Fitting and Selecting ARIMA models

10 Apr 2025

ARIMA

I = Integrated: Refers to differencing the time series to make \(z_t\) which is stationary (i.e., removing trends).
A = AutoRegressive (AR): An additive weighted sum of past values to model the current value.
MA = Moving Average: Uses an additive weighted sum past forecast errors to model the current value.

\[z_t = \phi_1 z_{t-1} + \dots + \phi_p z_{t-p} + \epsilon_t\] \[\epsilon_t = \theta e_t + \dots + \theta_q e_{t-q}\]

Box-Jenkins method

A. ARIMA(p,d,q) Model selection

Evaluate stationarity
Fix stationarity problems - Select the differencing level (d)
Selection of the AR level (p)
Selection of the MA level (q)

B. Parameter estimation

C. Model checking

Test model residuals for distribution assumptions (e.g. Normality)
Test model residuals for temporal correlation

Notes

For ARIMA models, much of the Box-Jenkins method will be automated with the forecast package functions, which you will use in the lab.
For this lecture, I have removed much of the mathematical background. See ATSA 2023 lectures for more of that background.

Stationarity

Stationarity means ‘not changing in time’ in the context of time-series models. Typically we test the trend and variance, however more generally all statistical properties of a time-series is time-constant if the time series is ‘stationary’.

Example

Many ARMA models exhibit stationarity. White noise is one type: \[x_t = e_t, e_t \sim N(0,\sigma)\]

Example

An AR-1 process with \(-1< \phi <1\) \[x_t = \phi x_{t-1} + e_t\] is also stationary.
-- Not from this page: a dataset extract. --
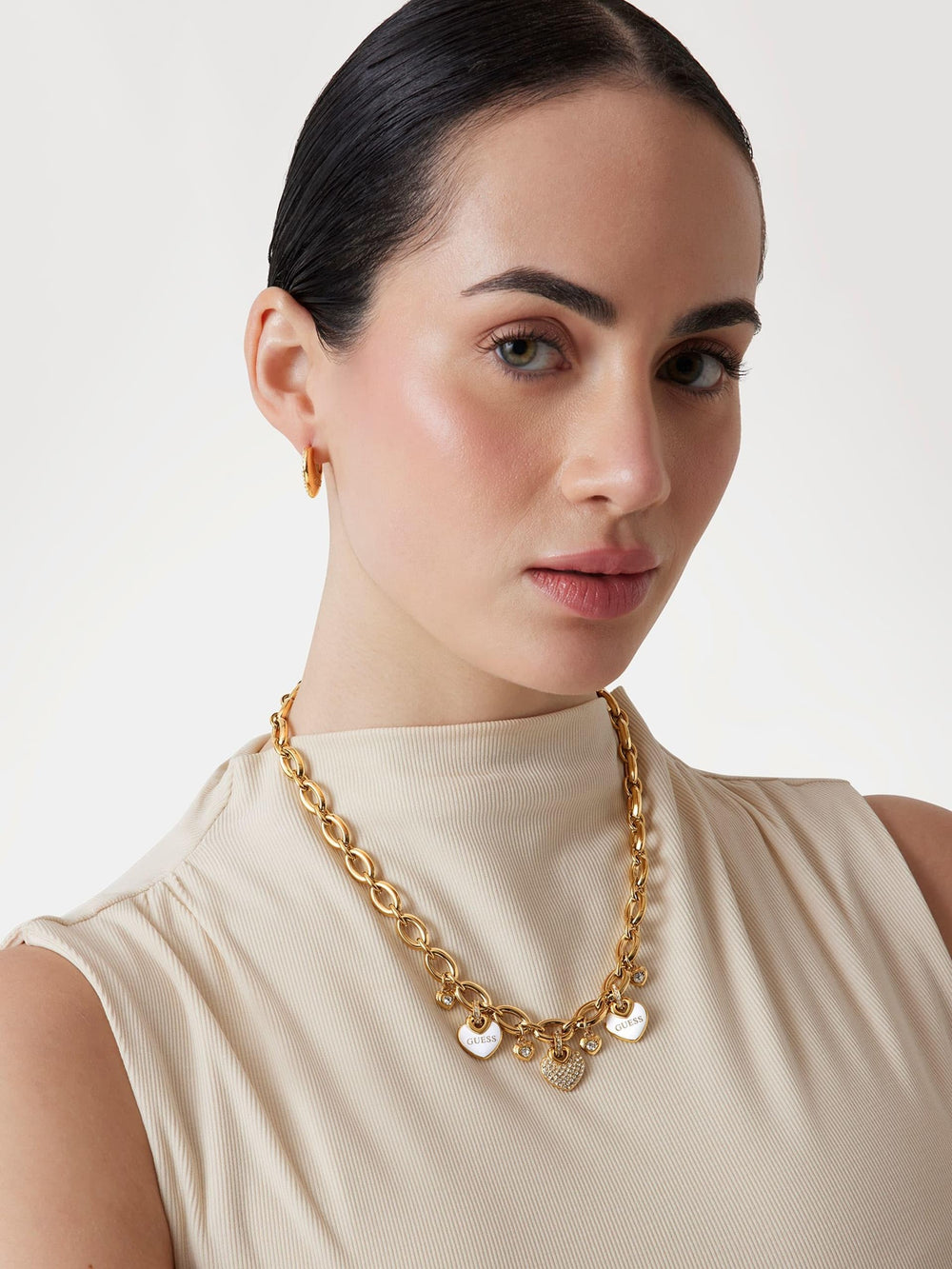 Gold-toned charm necklace for Women with heart-shaped rhinestone charms on link chain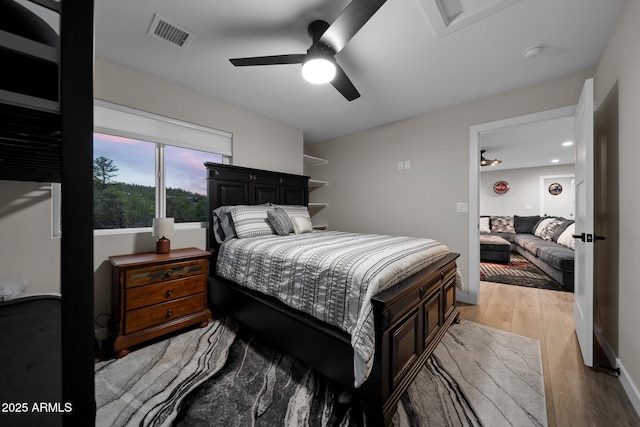 1500 W Pinetree Ct, Show Low, AZ 85901 - bedroom featuring light wood-style floors and ceiling fan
Stationarity around non-zero mean

We can also have stationarity around a non-zero level or around a linear trend.

Non-stationarity

One of the most common forms of non-stationarity that is tested for is that the process is a random walk \(x_t = x_{t-1} + e_t\), aka a ‘unit root’ process. A test for an underlying random walk is called a ‘unit root’ test.

Random walk with trends

There are two classic types of trends: a linear trend and an exponential trend.

Testing for stationarity

Why is evaluating stationarity important?

For this lecture, we are using the Box-Jenkins method for forecasting. Step 1 is to create a transformed stationary time series that we can fit an ARMA model to (Wold Decomposition).

In a real data analysis, there are other reasons:

Many standard algorithms for fitting ARMA models assume stationarity.
Many AR models are stationary. If your data are not, you are fitting a model that is fundamentally inconsistent with your data.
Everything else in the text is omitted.